“Our research has focused on the detection of helium, which we use for surface structural studies, although it is clear that the new detector will be appropriate for all gaseous species,” Donald MacLaren told nanotechweb.org. “Conventional helium detectors are limited to efficiencies of a few thousandths of a per cent, which restricts our experiments to situations with relatively strong signal levels. When completed, the new detector could boost efficiency by several orders of magnitude, making a host of atom-optical experiments that have previously been limited by poor signal quality now feasible.”

To carry out the technique, MacLaren and colleagues grew a densely packed array of multiwalled carbon nanotubes onto a stainless-steel wire. The nanotubes were perpendicular to the substrate, up to 2 µm long and about 50 nm in diameter. The team placed the detector in an ultra-high vacuum chamber and then added helium to a pressure of 4 x 10-5 mbar. Applying a positive voltage to the nanotubes caused field ionization of passing helium atoms. The resulting helium ions then accelerated towards a counter-electrode about 20 mm away, which detected the ion current.

According to MacLaren, previous attempts to use the field ionization effect for gas detection have been limited by the extremely small size of the ionization region around any single tip. The easiest way to improve detection is to increase the number of tips, and advances in the controlled growth of carbon nanotubes have now made such a detector practical. The scientists believe that the design is simple, cheap and readily scalable to much larger sizes.

“The most exciting aspect is the fascinating possibility of seeing the spatial distributions of atomic beams in two dimensions - just as optical, electron and ion beams can currently be observed,” said MacLaren. “The work suggests the possibility of fabricating a spatially resolved neutral atom detector that is sensitive even to helium - the most difficult element to detect in low concentrations.”

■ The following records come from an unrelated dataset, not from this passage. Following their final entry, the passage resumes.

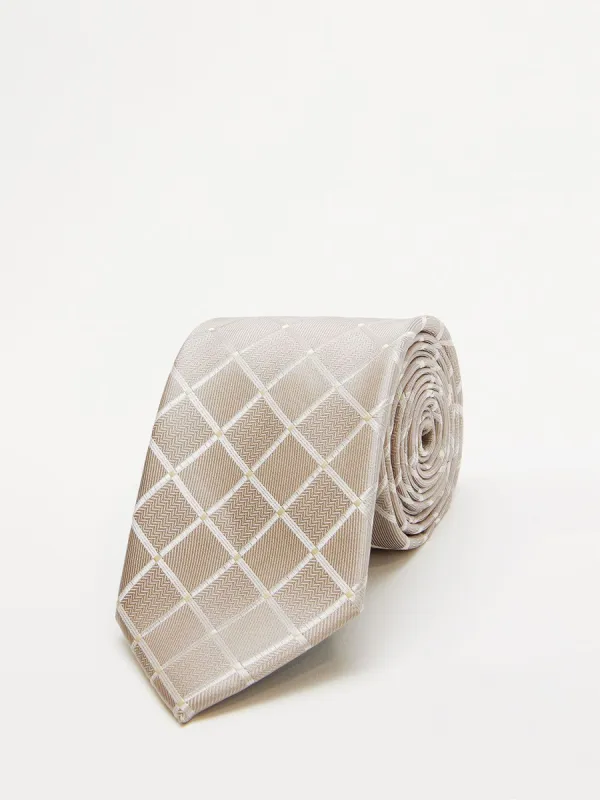 Tonal Checkered Pattern Tie sold by Suzy Shier
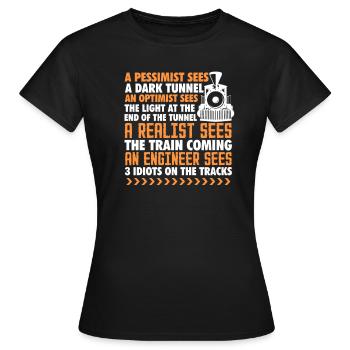 Modelleisenbahn - Frauen T-Shirt - Schwarz - Vorne - AI Model Female 172 dark (172cm)
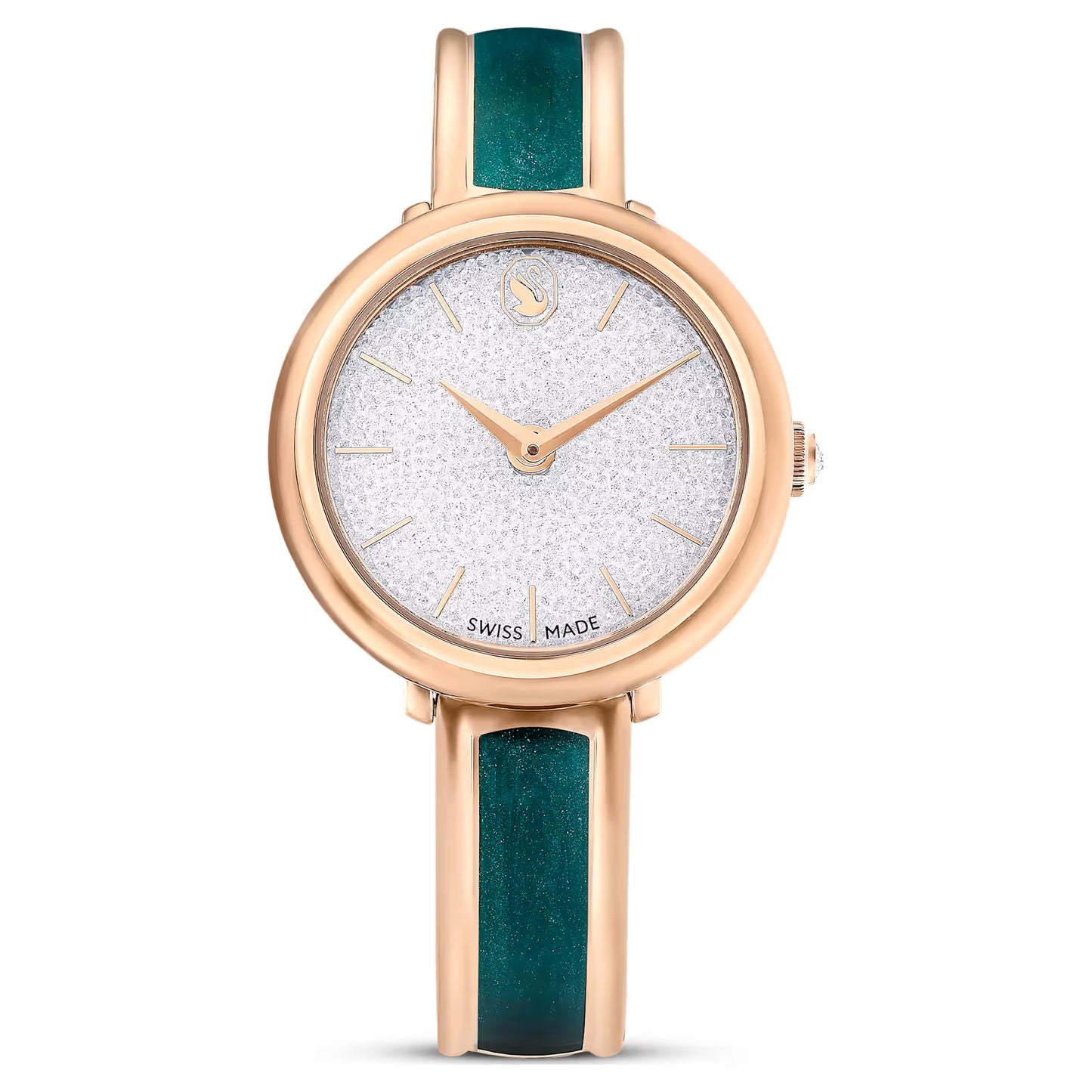 Crystalline bangle watch, Swiss Made, Metal bracelet, Green, Rose gold-tone finish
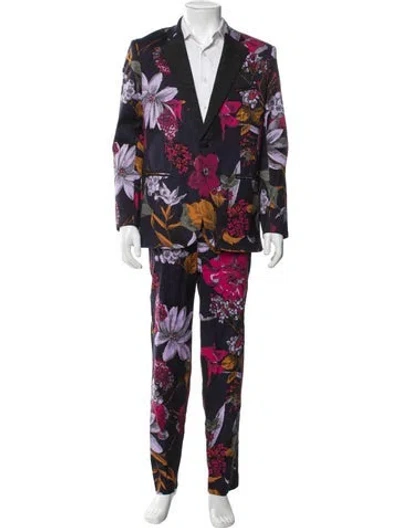 Pre-owned Mr Turk Printed Two-piece Suit In Purple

The detector could have applications “wherever gases need to be detected in very low concentrations - ranging from space-based applications to molecular beam research.” The Cambridge team’s goal is to use the detector in a scanning helium microscope - a novel microscope that will image samples with the low energy, inert matter waves of a helium beam. The microscope should offer “unprecedented sensitivity and the ability to image delicate organic specimens without degradation.”

Now, the scientists say they have moved from using random, densely packed nanotube "forests" to well-defined arrays of isolated nanotubes. “The improvements promise an increase in detection efficiency and we are working towards incorporating the array into a spatially resolved detector,” added MacLaren.

The researchers reported their work in Nano Letters.